DO. Get a packet of white A4 paper from the office. Load the tray of your personal printer with free paper, leaving one sheet. In the center of it draw and shade a black circle with a diameter of 3-4 cm. Pin the masterpiece to the wall at eye level and sit on a chair three meters away from the sheet. The circle serves as the point on which you need to concentrate your gaze for the next 60 seconds. The difficulty is that during this time you're not allowed to look away, distract your eyes, blink, or drink beer. Take a little rest, and repeat the exercise 5 times. Then move the sheet one meter to the right and sit in the starting position, leaving the chair, body and head position in the same place. Look at the point in the same way for a minute, developing lateral vision. Repeat the procedure five times with breaks and move the sheet one meter to the left of the original position. The next thing you know. If every three days you add another 60 seconds to the minute of staring at the dot, after 100 days you can stare at the sheet for half an hour straight. That'll be fun. In addition, that's how long it will take you to start using your new abilities effectively - for example, using your magnetic gaze to indoctrinate people that paper is money. Or vice versa. This is where we always get confused.

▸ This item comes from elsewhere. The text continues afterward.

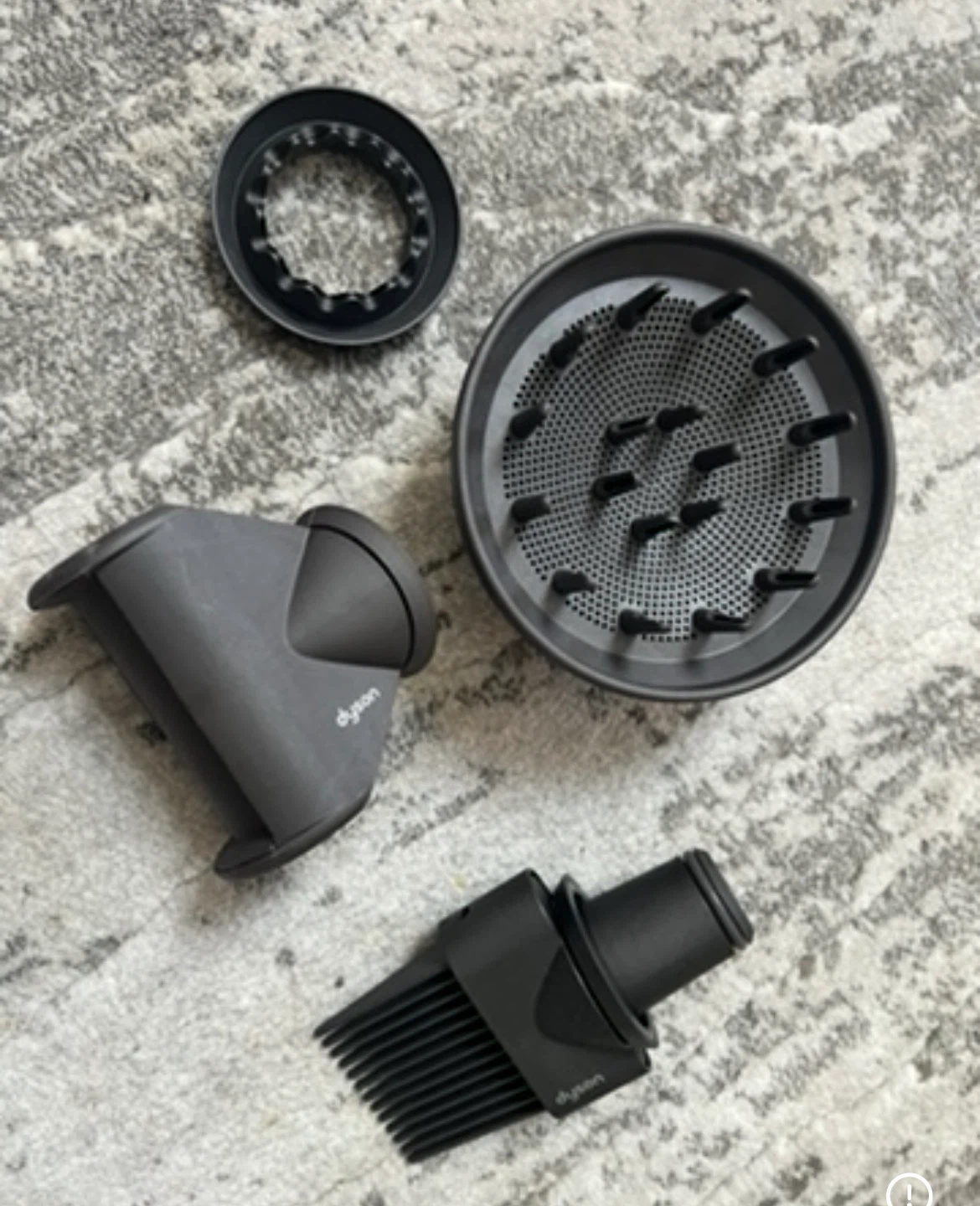 Dyson Supersonic Hair Dryer with Attachments - photo 2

DO TWO. If you were Malevich, you probably would have traded your circle for a new Ferrari. Since that didn't happen, pin the drawing to the wall at eye level and step back a meter. Keep your gaze on the dot by bobbing your head up and down and turning it right and left. Start with 60 seconds, then increase the time in a familiar pattern.
DO THREE. Probably the most useful exercise. It will make your magnetic look expressive and reduce the risk of embarrassing yourself in public ahead of time. All you have to do in this exercise is hone your skills in front of the mirror. That is, learn to look at your reflection in a way that doesn't look like a fresh episode of Mr. Bean.
TO THE FIGHT! Now you can try your look at animals. At the very least, your hamster won't be able to take it. At most, he'll take after the editorial raccoon and run away screaming. When honing your skills on people, try sending mental signals to them along with your gaze ("Go take out your own trash"). Don't forget to direct your gaze to the bridge of your nose, at eye line level. That's where people have the "black dot" that you drew on the paper.
We don't know of a single person who could force a banker to give him all the cash on hand with the power of his gaze. However, it is quite possible to chase insecure people with your gaze, to give your face an intelligent and commanding expression, and to make your listeners take you seriously.